Required action.
Repeat the data that follows exactly, starting at the line with "哈利波特魔法觉醒高级魔咒课卡组精选攻略：掌握核心卡牌，玩转魔法世界" and ending at the line with "Компания Илона Маска", and leave out every picture.

Records to process.
____________
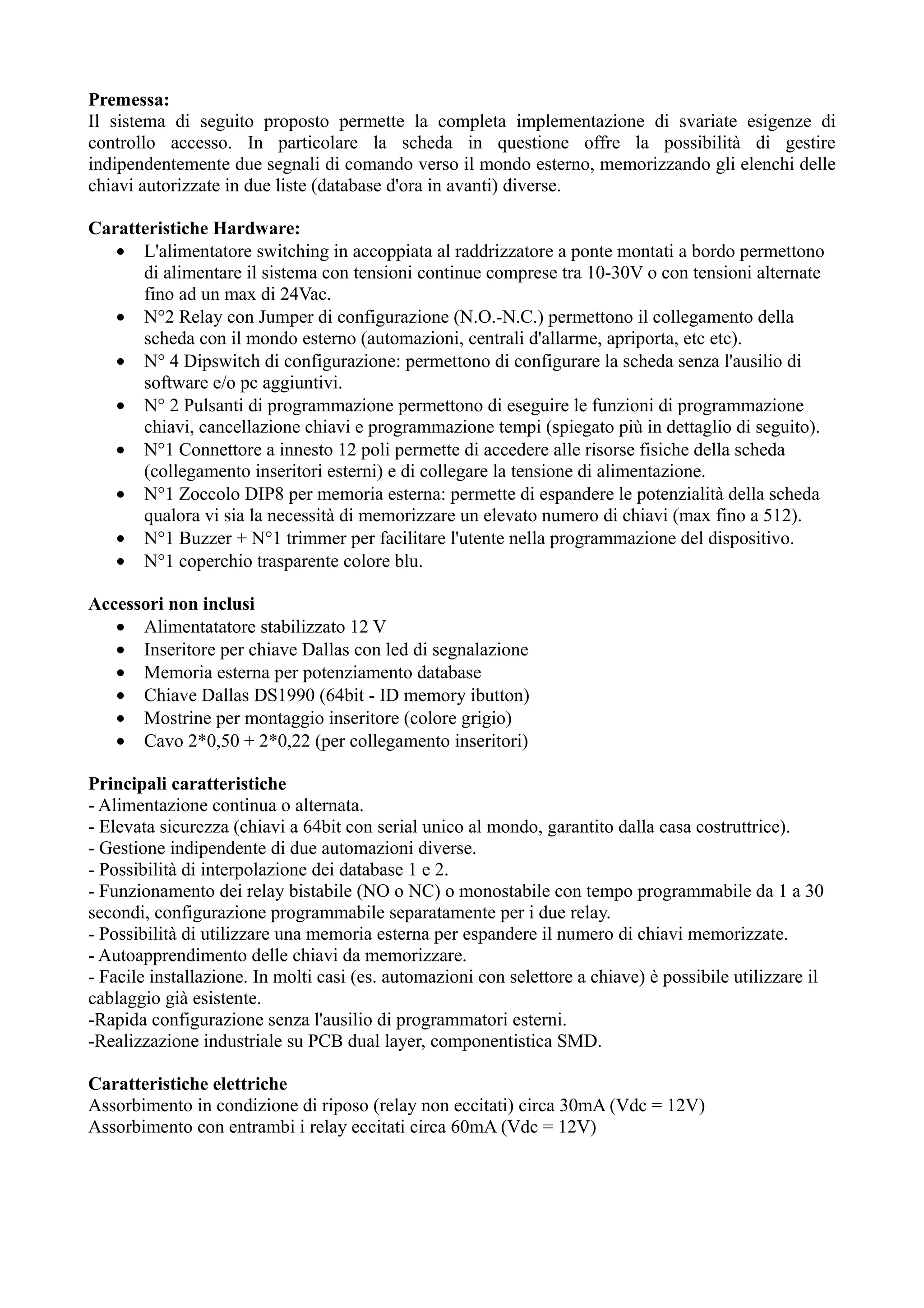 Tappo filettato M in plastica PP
____________
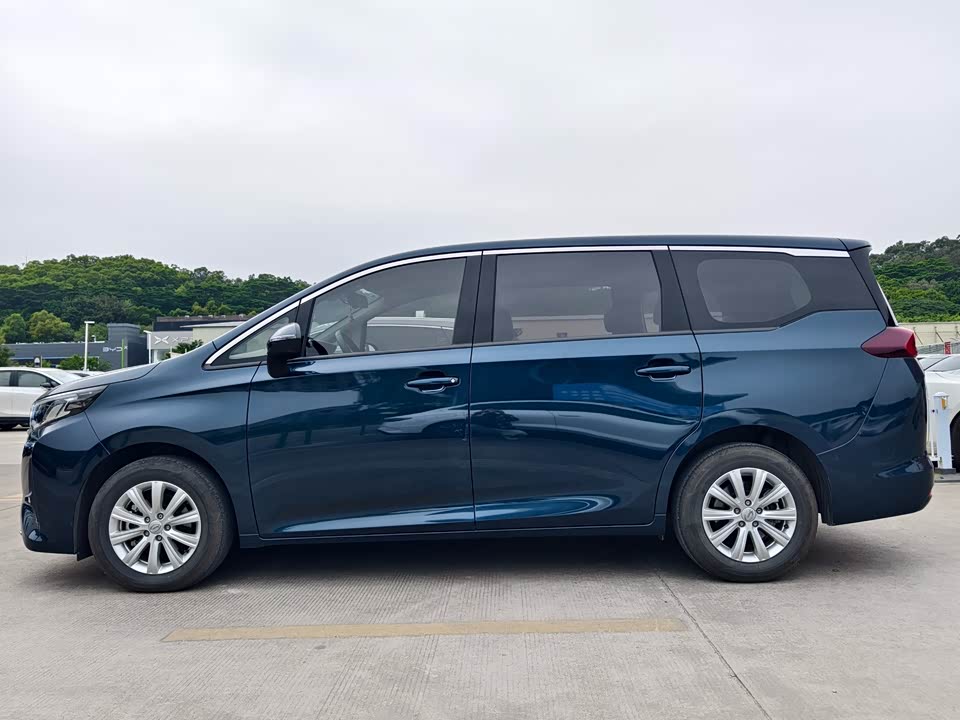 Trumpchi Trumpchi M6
____________
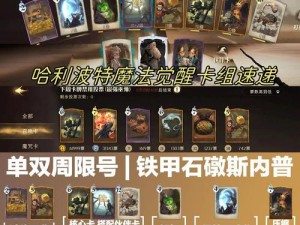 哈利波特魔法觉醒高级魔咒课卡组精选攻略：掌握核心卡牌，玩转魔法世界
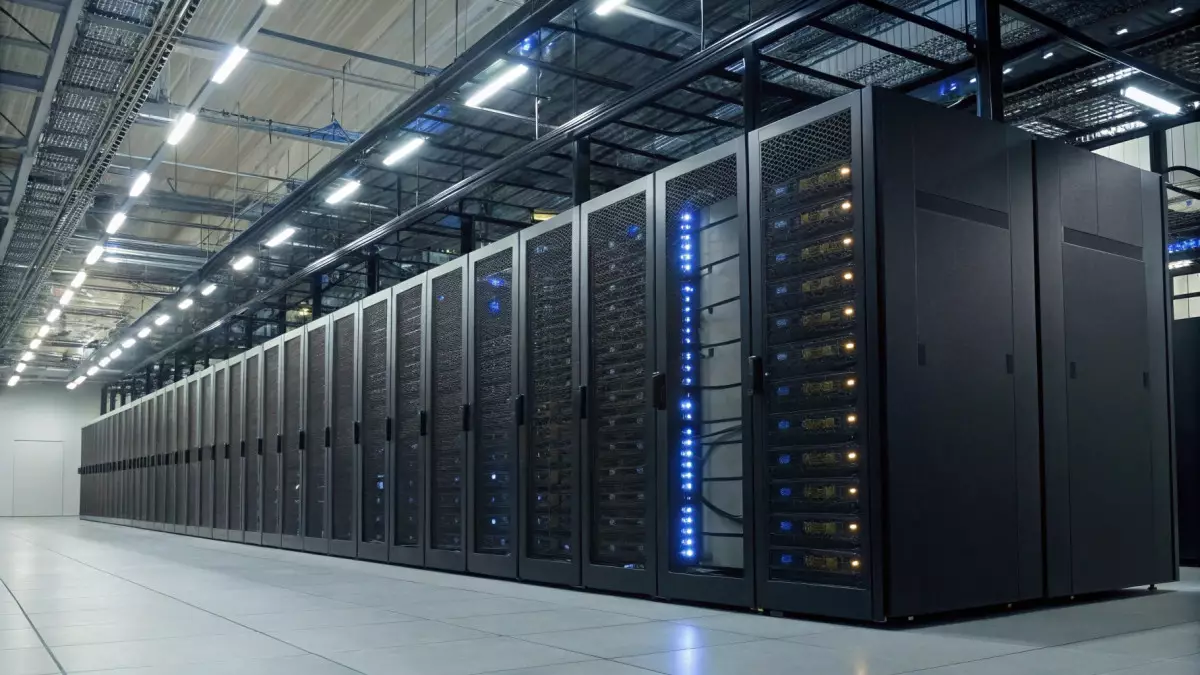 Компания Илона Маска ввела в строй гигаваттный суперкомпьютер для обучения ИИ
____________
Task result.
 哈利波特魔法觉醒高级魔咒课卡组精选攻略：掌握核心卡牌，玩转魔法世界
 Компания Илона Маска ввела в строй гигаваттный суперкомпьютер для обучения ИИ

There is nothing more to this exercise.